For each audio file, The spectrogram is a matrix with no. of columns fixed but with different number of rows for each audio file. My question how can I train my RBM, or how can I extract the features from audio using RBM, given this spectrogram matrix. I read in a paper by Honglak Lee, paper title Unsupervised Feature Learning for Audio Classification using convolutional deep belief networks. http://machinelearning.wustl.edu/mlpapers/paper_files/NIPS2009_1171.pdf
"We then trained 300 first layer bases with a filter length of 6 and a max-pooling ratio of 3."
First, what is meant by bases here. (They have used Convolutional Deep Belief Networks, so I guess, bases do not mean weights here).

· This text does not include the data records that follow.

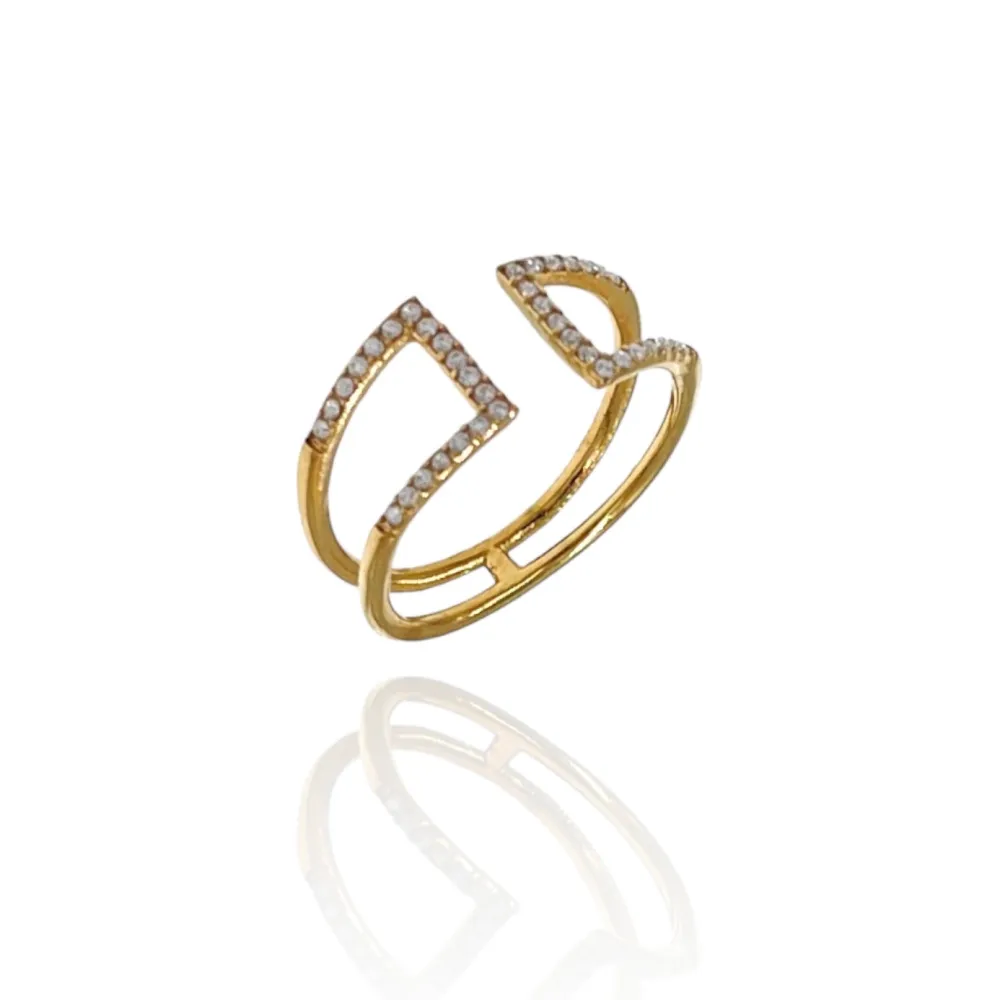 Semplice con Zirconia-Anello Regolabile in Acciaio - AAR-4242R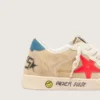 Ball Star Junior in beige suede with red star and light blue heel tab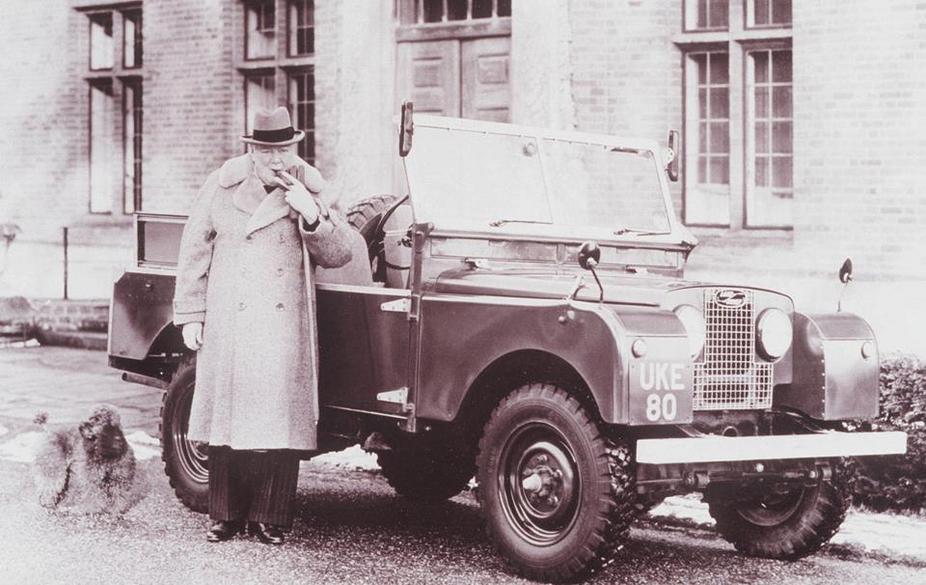 Winston Churchill e o seu Land Rover, 1952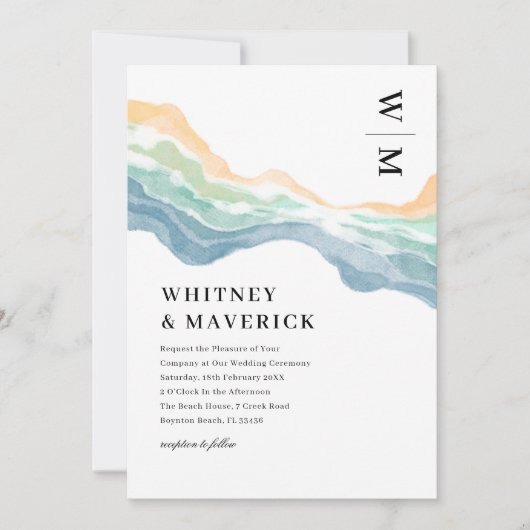 Waterverf Abstracte Beach Foto Weddenschap Kaart (Voorkant)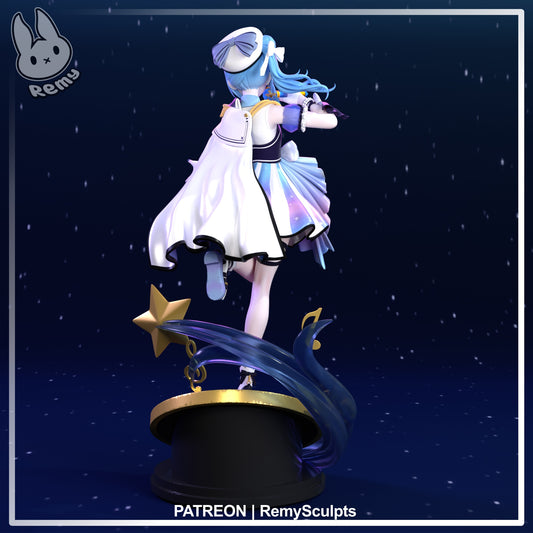 Hoshimachi Suisei Vtuber figure Outfit B Hololive idol singer anime collectible rear view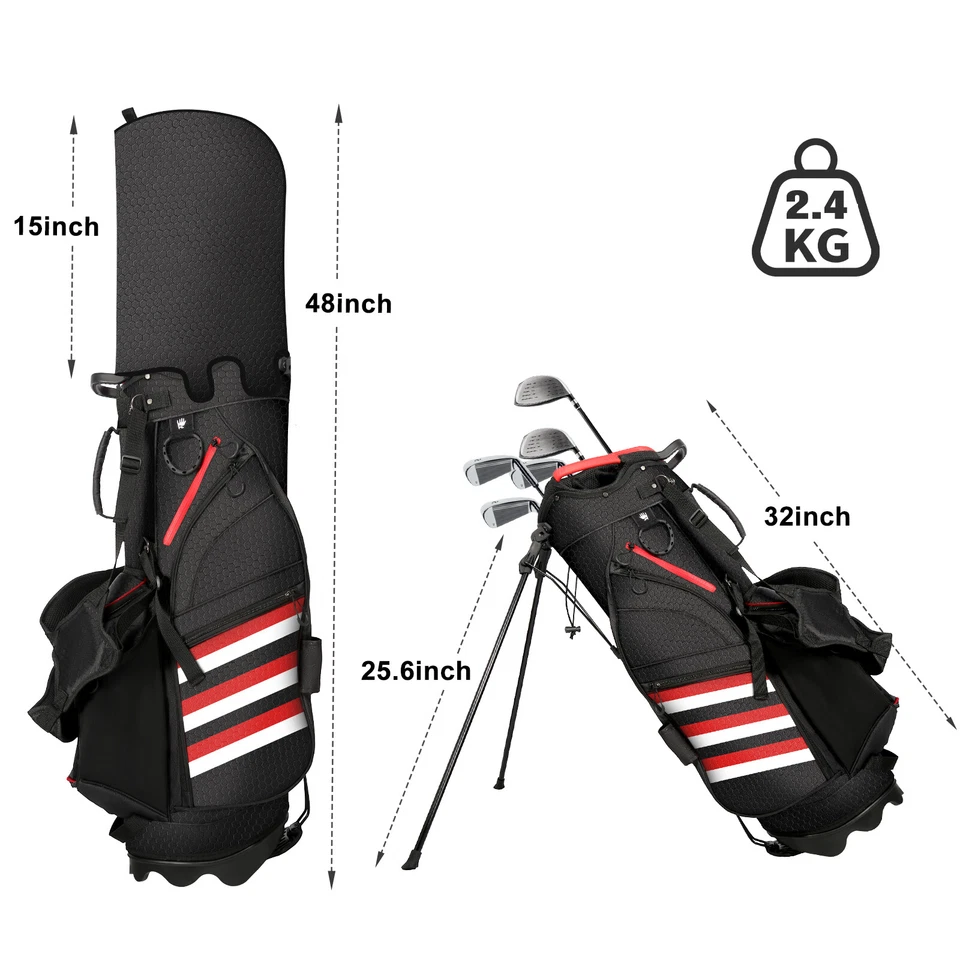 14 Way Golf Bag Lightweight Golf Club Bags w/Safe/Cooler-Pocket Rain-Hood Stand - Image 2 of 4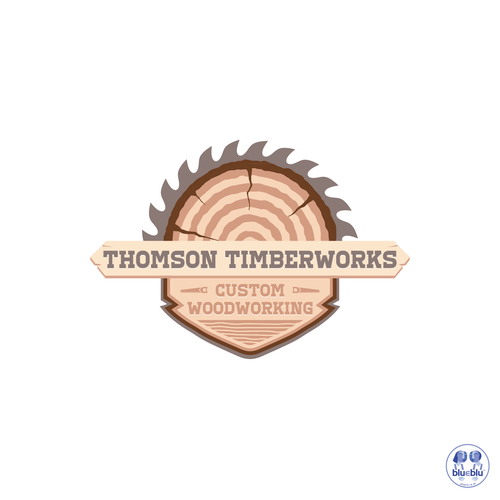 Woodworking design with the title 'Custom Woodworking'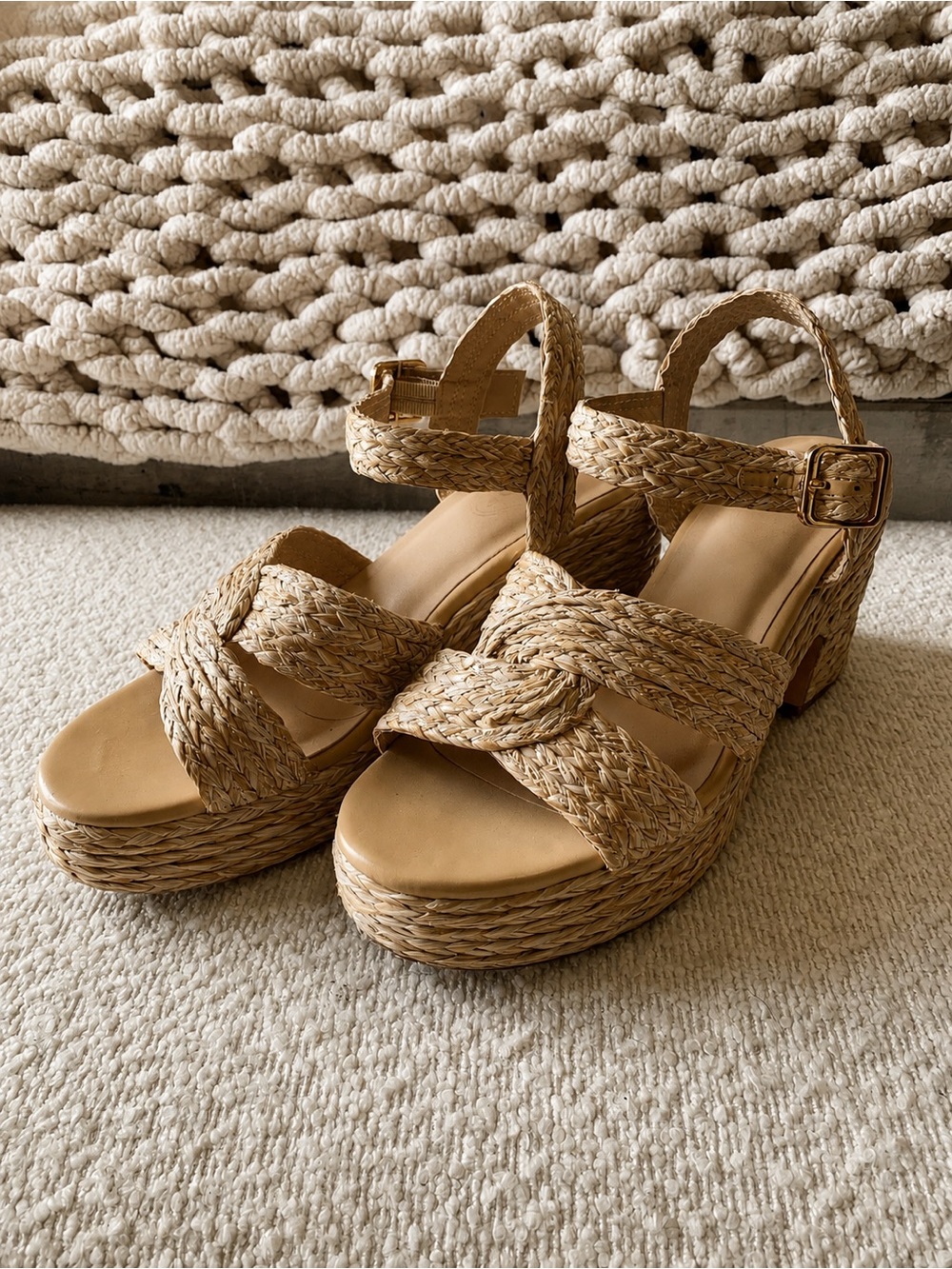 Scoop Raffia Woven Platform Block Heel Sandals Size 8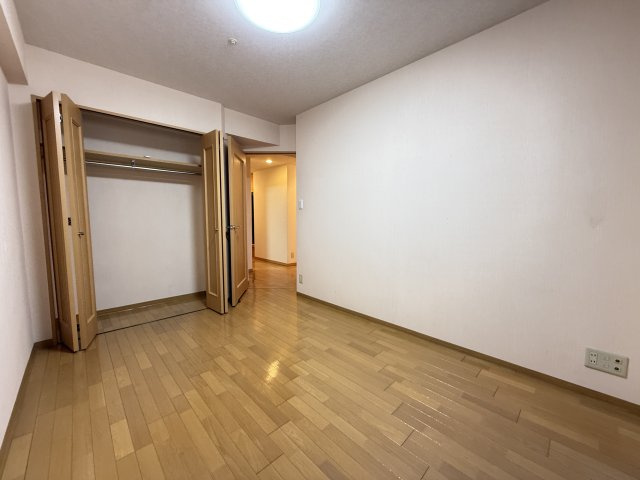 大型のクローゼットを備えた洋室収納は、横幅が広く衣類をまとめて収納可能です。ハンガーパイプ付きでコートやスーツなどもきれいに掛けて保管できます。内部も広いため収納ケースや衣装ボックスの設置も可能です。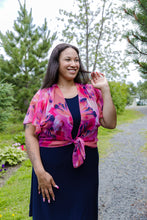 Load image into Gallery viewer, Black LABB Clothing | BL61-227 Luscious Pink Short Sleeve Mesh Shrug

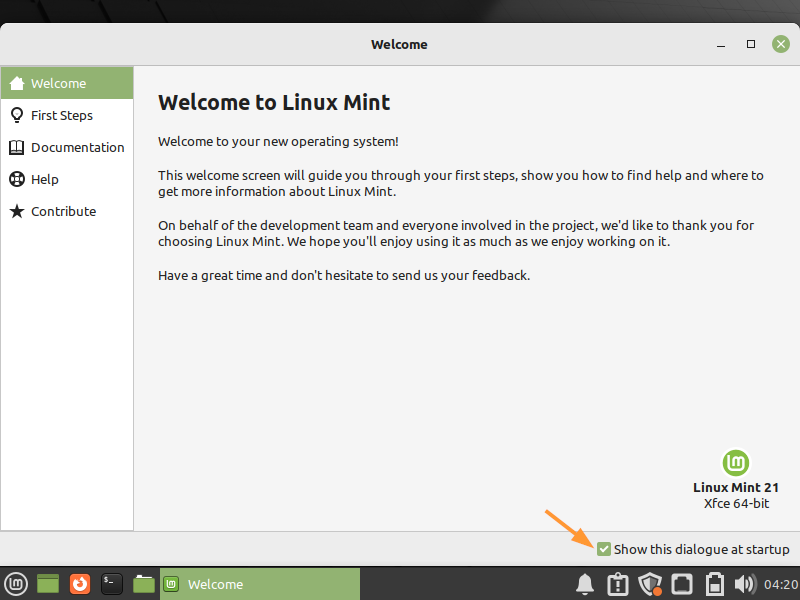 Uncheck-Option-Show-Dialogue-Startup-LinuxMint21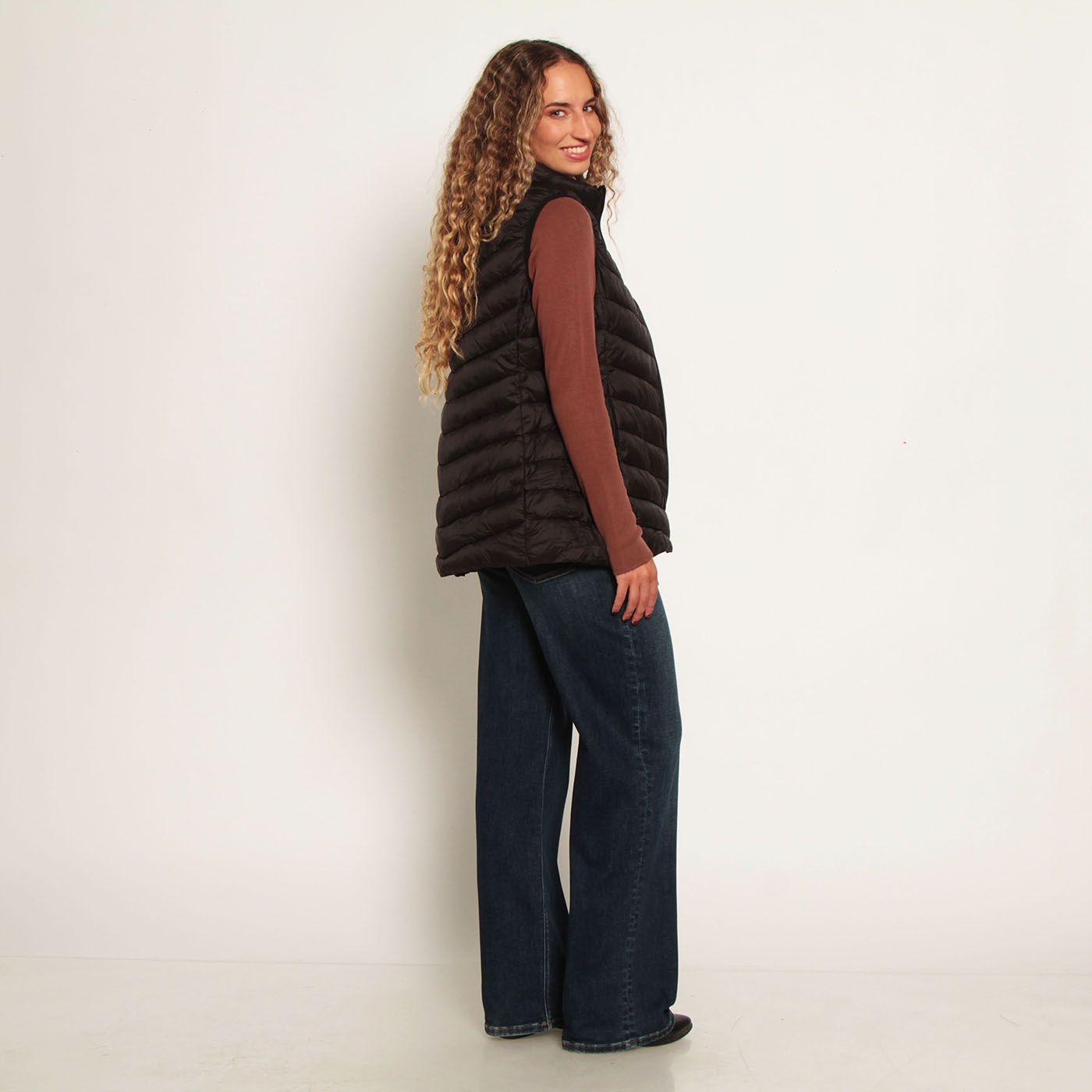 Parka Sin Manga Solida Con Cierre En El Delantero Y Bolsillos-5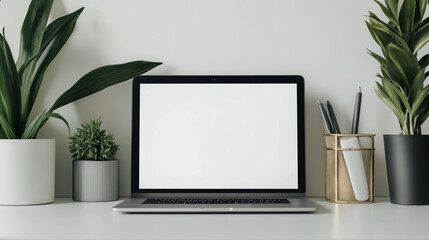 Fototapeta premium Stylish Laptop Mockup on Desk with Green Plants – Modern Home Office Setup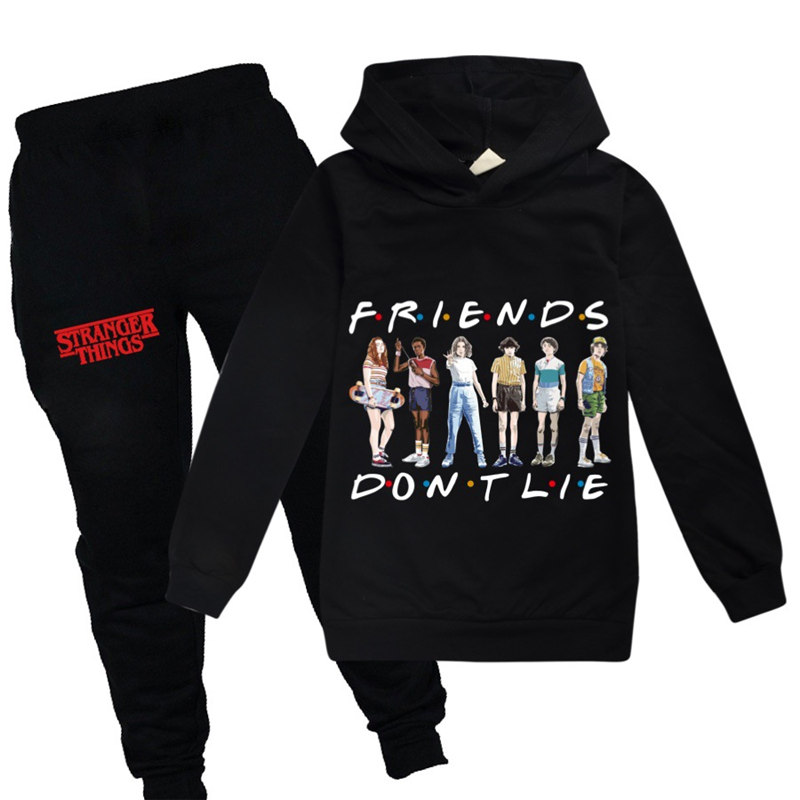 

HOT 2pcs/set Sale Stranger Things Kids Set Long Sleeve Hoodie Pants FRIENDS DONT LIE 9 Colors Available Kids Clothes Boys Girls Clothing, Black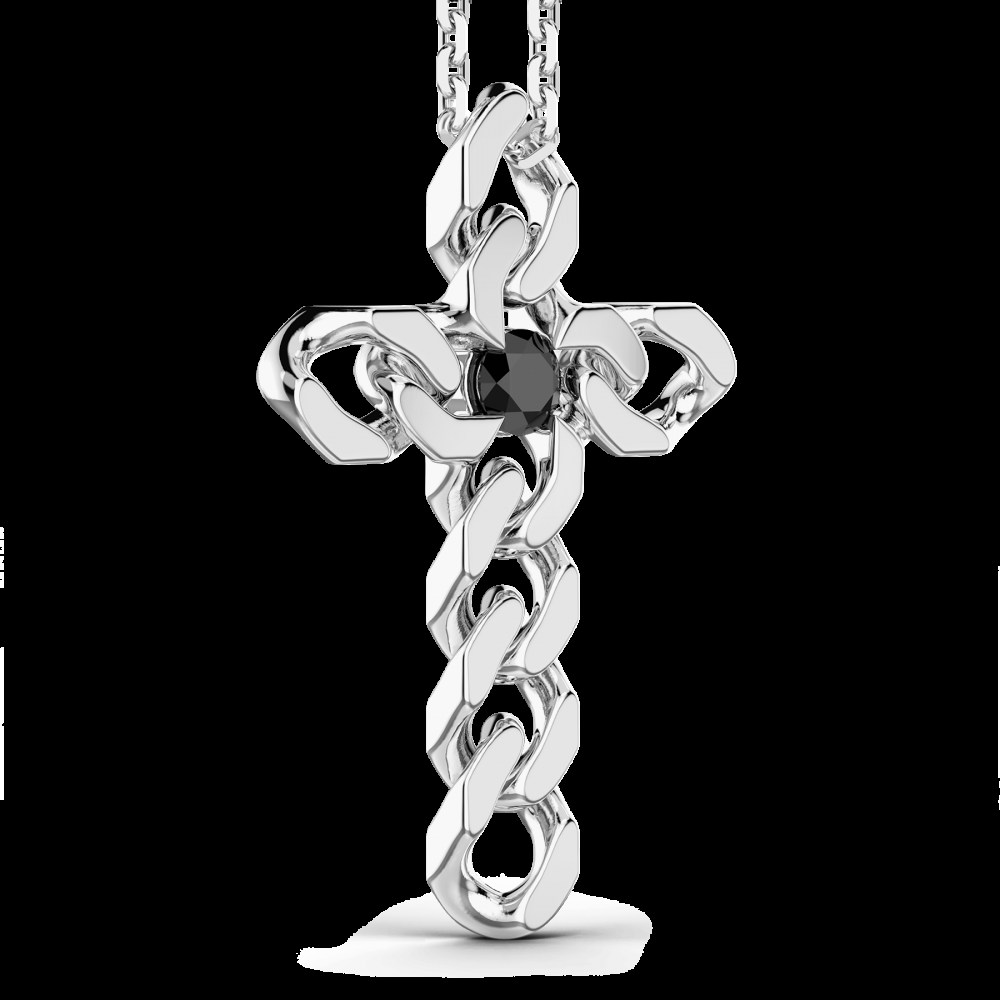 Zancan Collana Zancan in argento con pendente a croce e pietre nere Negozi Online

Second, what do they mean by using a filter length of 6? How can I do it? Any hint will be appreciated. (I am new to RBM)
2
votes
This isn't the appropriate forum for the type of question you're asking; a response is unlikely to be forthcoming. We welcome specific programming questions. You might be better off on [dsp.stackexchange.com].
– marko
@marko Thanks. I already posted it on the dsp forum, though no response yet.
– user35919
1 Answers
0
votes
I think what is confusing here is they add a convolutional layer to their deep belief network. The idea of the convolutional layer is they use kernels that are specific to a small region of the image, in their case a 6 element window. I'm not an expert in audio problems, but I believe bases refer to the different bands in the spectrograph.